Studio album by Quadeca
- Released: October 1, 2026
- Label: X8
- Producer: Quadeca

Quadeca chronology
| Vanisher, Horizon Scraper (2025) | Life 1 (2026) |  |

Singles from Life 1
- "Dark Magic" Released: May 27, 2026; "Baby Steps" Released: June 23, 2026; "Hell of a Time" Released: July 22, 2026; "Life 1 (Where Did the Time Go)" Released: September 21, 2026;

= Life 1 =

Upcoming 2026 studio album by Quadeca

Life 1 is the upcoming fifth studio album by the American musician Quadeca. It is set to release on October 1, 2026, via his own record label, X8 Music. It is to serve as the follow-up to Vanisher, Horizon Scraper (2025). In promotion of Life 1, Quadeca released four singles – "Dark Magic", "Baby Steps", "Hell of a time," "Life 1 (Where Did the Time Go)" – and announced a North American tour, which is set to take place in October and November 2026.

== Background ==
On July 25, 2025, Quadeca released his studio album Vanisher, Horizon Scraper to critical acclaim, and served as his first released through his own label, X8 Music, after leaving DeadAir Records. A concept album based on a sailor who goes on a voyage, a film that serves as a visual compliment to the album was also released. Quadeca went on a North American tour in support of the album in October and November.

== Composition ==

=== Tracks ===
"Dark Magic" begins with "distorted breathing and abrasive guitar drones" before evolving into the use of "warm" electric piano chords, built around "tonal whiplash and absurdist tension." "Baby Steps" is a fusion of hip-hop, indie rock, and folk music, with Quadeca singing on an acoustic track. The third single, "Hell of a time," is primarily a dance track, centering around the use of artificial sounding drum presets, and ending with an orchestral swell. The fourth single, "Life 1 (Where Did the Time Go)", combines elements of jazz, synths, and "flamenco-style" guitar, with vocal harmonies similar to a Justin Timberlake track.

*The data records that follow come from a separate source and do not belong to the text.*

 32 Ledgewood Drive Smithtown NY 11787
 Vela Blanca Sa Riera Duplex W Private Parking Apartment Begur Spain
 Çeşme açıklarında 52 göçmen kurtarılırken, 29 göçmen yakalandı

== Promotion and release ==
On May 27, 2026, Quadeca released the album's lead single "Dark Magic" with an accompanied music video, with direction and editing from Quadeca and Brendon Burton. The music video first uses surreal humour and unsettling imagery before transforming into a "strange rural road movie", where Quadeca travels through South Carolina in a wooden house mounted to a pickup truck. On June 23, he released its second single "Baby Steps" with an accompanied music video.

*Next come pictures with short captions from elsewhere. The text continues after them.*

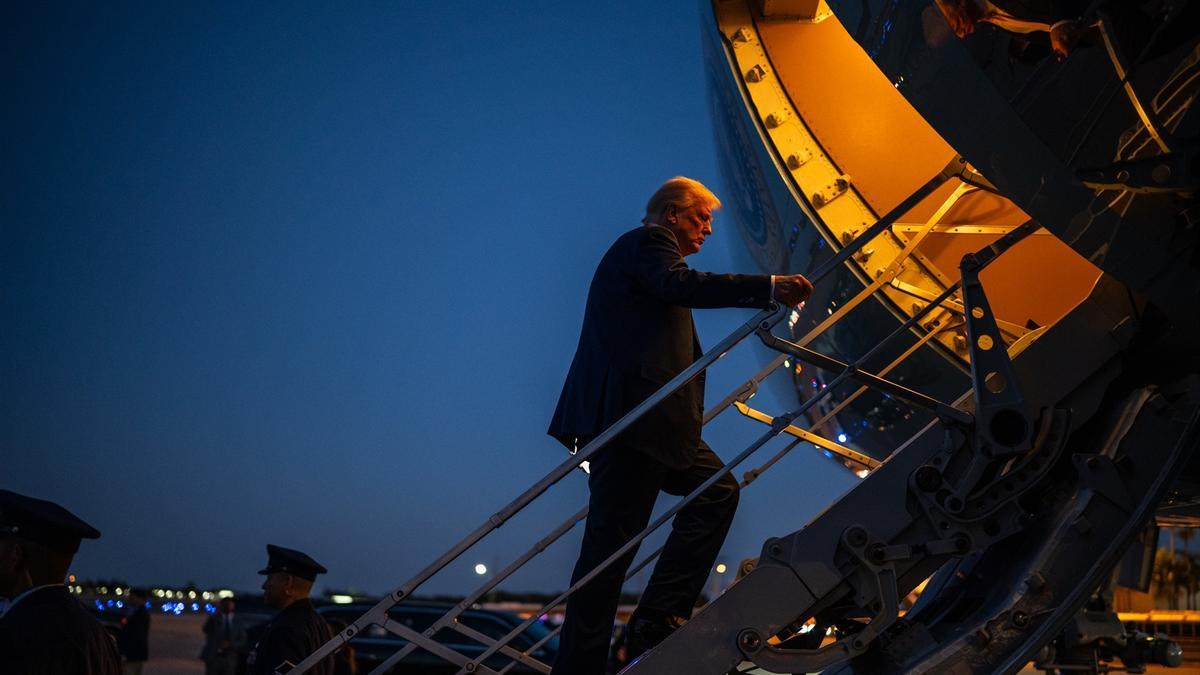 Trump quiere aceptar un avión de lujo como regalo de la familia real de Qatar en medio de las acusaciones de «soborno»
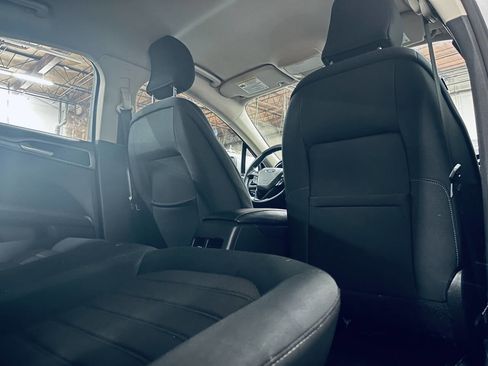 Used 2019 Ford Fusion SE FWD image 33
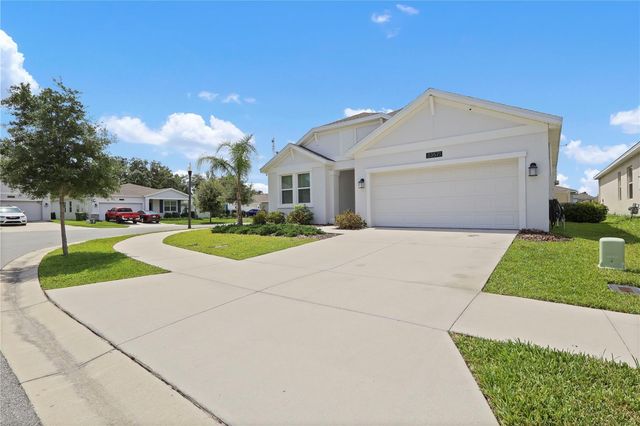 33571 SKY BLOSSOM CIRCLE, Leesburg, FL 34788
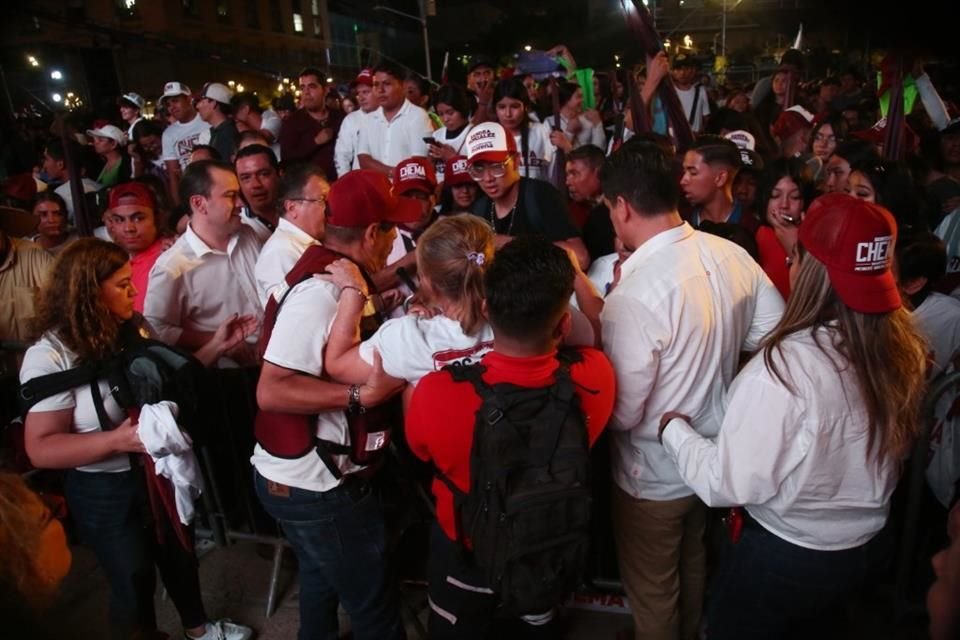 Tras los discursos morenistas, jóvenes  brincaron las vallas, lo que hizo que adultos mayores que estaban al frente tuvieran que ser ayudados para no salir lesionados.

On July 22, 2026, Quadeca released the album's third single "Hell of a Time" with an accompanied music video. The same day of its release, he announced a North American tour of the album, which was revealed to be titled Life 1. On July 25 and August 1, Quadeca performed at the Fuji Rock and Lollapalooza festivals, respectively. The 22-date North American tour in support of Life 1 is set to begin on October 10, in Mesa and conclude on November 10, in Los Angeles.

On September 21, 2026, Quadeca released the album's fourth single "Life 1 (Where Did the Time Go)" with an accompanied music video. The end of the music video revealed the album's release date as October 1, 2026, which was further confirmed through social media. It is currently set to be released by X8 Music.